Credit unions staff face minimum knowledge requirements from regulator

The minimum competency changes will come into effect in October 2024, with a four-year transition period until October 2028

The Central Bank confirmed on Thursday that it is proceeding with a plan to impose minimum knowledge and competence requirements on certain staff in credit unions, including those involved in lending and taking deposits, from next year.

The move will bring credit unions into line with other financial service firms under the regulator’s Minimum Competency Code 2017.

Currently, the standards only apply to credit unions when acting as retail intermediaries, providing mortgage credit agreements.

The move will also bring certain senior staff of credit unions into the Central Bank’s fitness and probity regime, which applies across the wider financial sector.


The minimum competency changes will come into effect in October 2024, with a four-year transition period until October 1st, 2028. The fitness and probity changes will be effective from October next year.

Credit union staff who are currently working in areas that will be subject to the new requirements can avail of transitional arrangements to comply with the standards and obtain relevant qualifications, the regulator said.

“These new rules introduce further enhancements to our consumer protection framework for credit unions.
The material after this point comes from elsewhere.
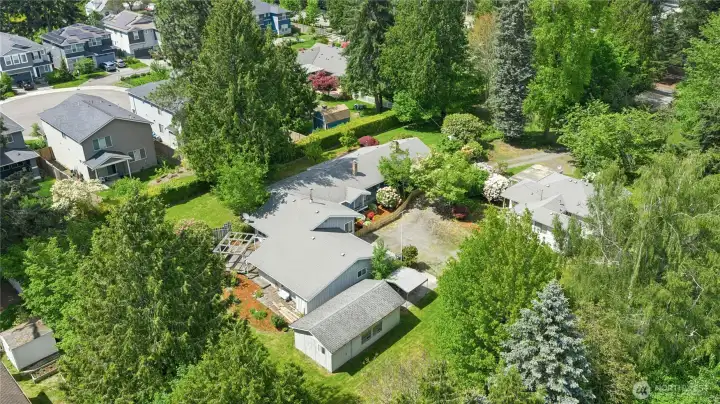 2 homes on 2 parcels in city limits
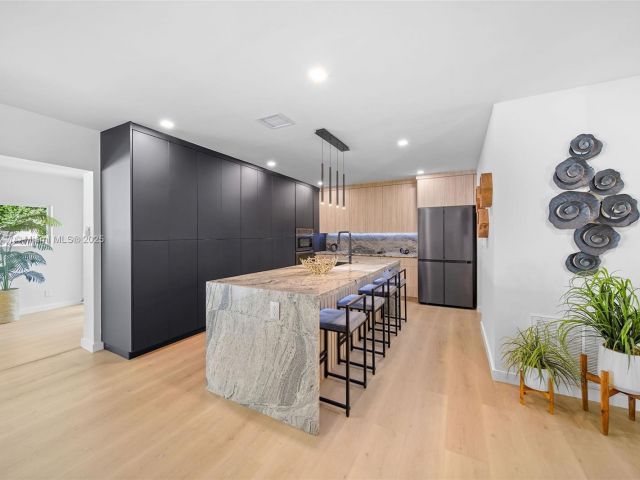 Продажа дома по адресу 11530 NE 7th Ave - фото 6223860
They reflect the importance of credit unions in Irish daily life, and the sector’s commitment to their members is demonstrated by the fact that many credit union staff already meet these standards,” said Gerry Cross, director of financial regulation in the areas of policy and risk.
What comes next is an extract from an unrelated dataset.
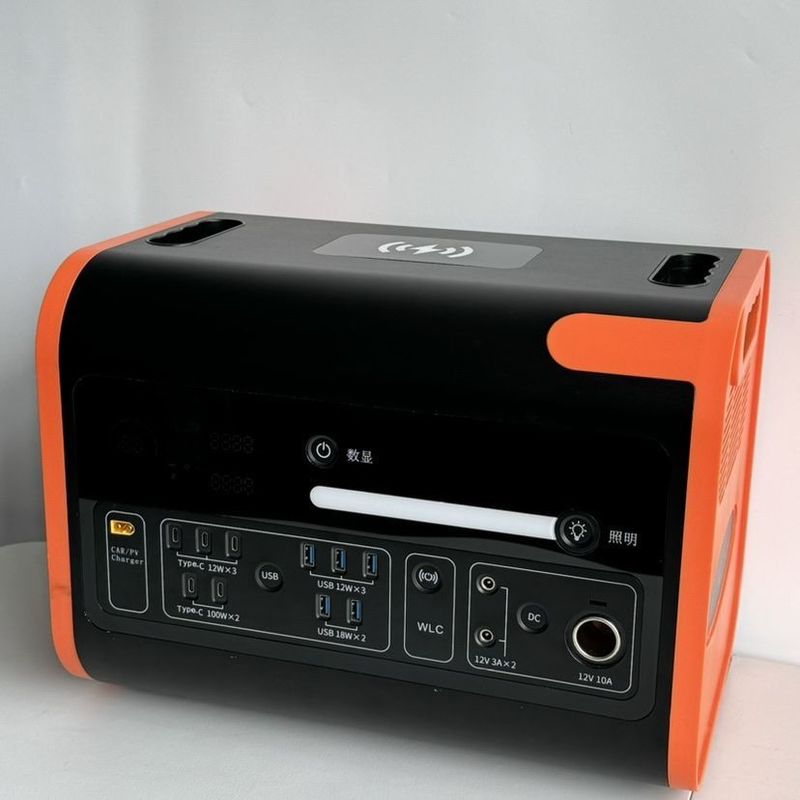 2200W การออกกําลังคงที่ 4000W ไดรฟ์ LiFePO4 เครื่องผลิตพลังงานแสงอาทิตย์สําหรับการชาร์จภายนอก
“Applying these requirements to credit unions will help to build on the existing high levels of knowledge and expertise in the sector. This will further strengthen the quality of the service provided to credit union members and underpin the current evolution in credit union business models.”

The Central Bank eased some of its lending restrictions in early 2020 to allow credit unions to engage in more longer-term lending, including home mortgages and business lending.

Draft legislation aimed at enabling credit unions to co-lend and collaborate more is working its way through the Oireachtas. If enacted, the Credit Union (Amendment) Bill 2022, would enable credit unions for the first time to refer members to other credit unions if they do not offer a particular product themselves – and to participate in loans of other credit unions.